Server ID: 8849 (8849b07b-cc32-47cf-8800-ed89fbc7db94)
Role: follower
Leader: fa7e
Server ID: 50b7 (50b7f34e-b295-4329-8d29-47039f697365)
Role: follower
Leader: fa7e
Server ID: fa7e (fa7e81bb-90e9-4c87-8ce4-cedcd54c6150)
Role: leader
Leader: self
ovn-chassis¶
To upgrade the ovn-chassis application, change the charm’s channel to ‘22.03/stable’ and then select the UCA pocket for OVN 22.03 on Focal:
juju refresh ovn-chassis --channel 22.03/stable
juju config ovn-chassis ovn-source=cloud:focal-ovn-22.03
Once ovn-chassis
units settle in the active/idle
state after the config
change, restart OVN Metadata agents with:
juju exec -a ovn-chassis 'systemctl restart neutron-ovn-metadata-agent'
Note
Restart of Neutron OVN metadata agents is especially important when
upgrading from OVN versions lower than 20.09. These versions used table
Chassis
in SB database for chassis registration whereas newer versions
use Chassis_Private
. Without the service restart, metadata agents will
not re-register in the new database table and Neutron will not be able to
detect these agents.
Neutron¶
To upgrade OVN packages used by neutron, configure the
neutron-api-plugin-ovn
charm to use the overlay repository that contains
the ‘22.03’ release of OVN:
juju config neutron-api-plugin-ovn ovn-source="cloud:focal-ovn-22.03"
Verify: network agents¶
Ensure that all network agents are “alive” and “up”:
openstack network agent list
Sample output:
+---------------+----------------------+---------------+---------------+-------+-------+-------------------------------+
| ID | Agent Type | Host | Avail... Zone | Alive | State | Binary |
+---------------+----------------------+---------------+---------------+-------+-------+-------------------------------+
| xxxx-xxxx-... | OVN Controller agent | xxxx-xxxx-... | | :-) | UP | ovn-controller |
| xxxx-xxxx-... | OVN Metadata agent | xxxx-xxxx-... | | :-) | UP | networking-ovn-metadata-agent |
| xxxx-xxxx-... | OVN Controller agent | xxxx-xxxx-... | | :-) | UP | ovn-controller |
| xxxx-xxxx-... | OVN Metadata agent | xxxx-xxxx-... | | :-) | UP | networking-ovn-metadata-agent |
+---------------+----------------------+---------------+---------------+-------+-------+-------------------------------+
Other resources¶
Raft leader election timeout¶
The Raft leader election timeout is a crucial factor in the upgrade.
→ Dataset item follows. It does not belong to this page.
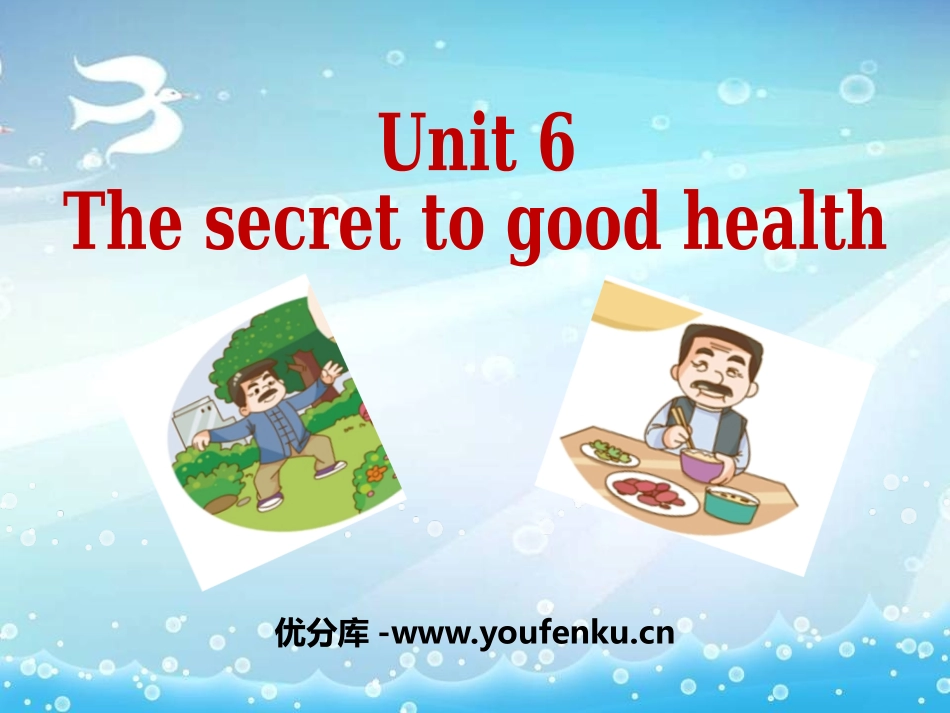 《The secret to good healty》PPT课件_第1页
It is governed by the ovn-central charm’s ovsdb-server-election-timer configuration option, whose default value is ‘4’ (seconds).
The amount of wall clock time a database (Northbound or Southbound) cluster leader consumes during the upgrade process cannot exceed the election timer. If this occurs, the database unit attempting the upgrade (schema conversion) will be evicted from the cluster, thereby preventing its results from being stored. This scenario will lead to an endless retry loop.
Conversion happens on startup of the DB services after package upgrades. To prevent the aforementioned retry loop, the startup scripts have a 30 second hardcoded timeout. Therefore:
the maximum effective value for the
ovsdb-server-election-timer
option is ‘30’an alternative upgrade path would be needed if the conversion cannot succeed within that maximum
There is no template answer for what the value of the option should be. External factors (e.g. server performance characteristics, load, database size, number of records) all have a role to play.
See the upstream mailing list thread for a discussion on the topic. Issue LP #2013344 raises concerns about the option’s default value being too small.